Overview of lock-free concurrency
Anyone out there using locks for concurrency, go look
up lock-free methods. I finally read that paper on hazard
pointers for memory reclamation in lock-free systems. Wow, that
changes everything. Back to the drawing board.
Lock-free overview, as I know it so far:
- Every step of the way is patented. I've spotted patents by Sun (1999),
IBM, and Microsoft so far.
- There's a chip-supported atomic
operation, Compare And Swap (CAS). It looks like
CAS(ptr, old, new) {
if (*ptr == old) {
*ptr = new;
return TRUE;
} else return FALSE;
}
|
except it does it atomically.
- Consider inserting B into a linked list A->C. First you set
B->C. Then you do CAS(A, C, B). If you're inserting B1 and
someone else is inserting B2, one of you will go first, and the
other's CAS will see A is no longer pointing to C and fail. So you
can insert into a linked list concurrently with no locks.

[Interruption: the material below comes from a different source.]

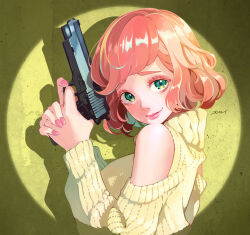Rule 34 | 1girl, character request, clothing cutout, female focus, green eyes, gun, highres, holding, holding gun, holding weapon, lips, looking away, moroi, nail polish, orange hair, pink nails, shoulder cutout, spotlight, sweater, weapon, yellow sweater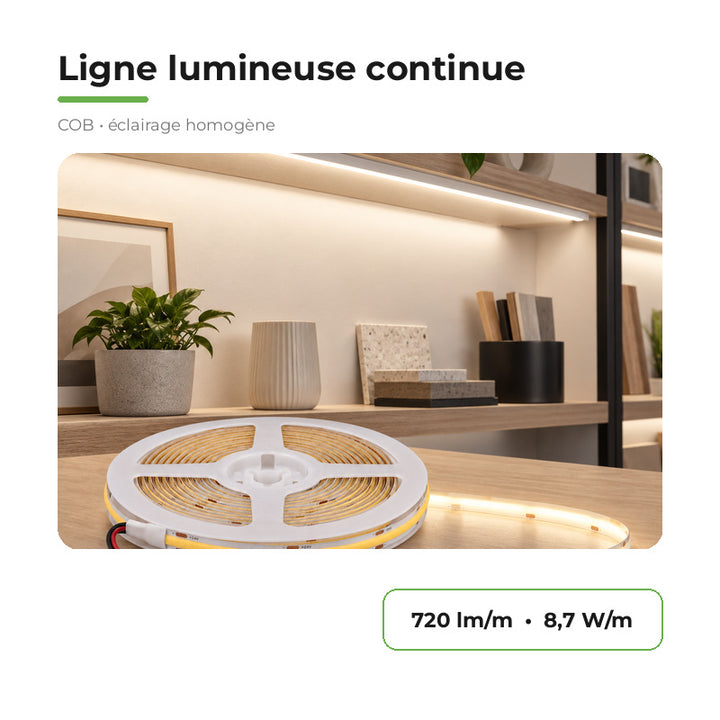 Ruban LED COB 10m 24V IP20 320LED/m 8.7W/M CRI90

- (Harris's trick) If your nodes are aligned to 4-byte boundaries,
the bottom two bits of pointers to nodes are always 0. You can mark a
pointer by setting its bottom bit, then CAS will see both the pointer
and the mark. Consider deleting B lock-free from A->B->C.
First mark B->C to say that B has been deleted, so B is actually
pointing to C' = C | 1. Others trying to insert after B will see that, so
CAS(B,C,X) will fail, and CAS(B,C',X) won't be attempted. The deleter
(or anyone else) can actually remove B from the list by doing CAS(A,B,C).
Another way to do it is to insert a special "deleting" node between
B and C. Then B no longer points to C, and everyone knows not to
insert after the "deleting" node. The deleting node acts just like a
marked pointer, except you need to allocate it, recycle it somehow,
traverse it etc. But at least you just have normal pointers.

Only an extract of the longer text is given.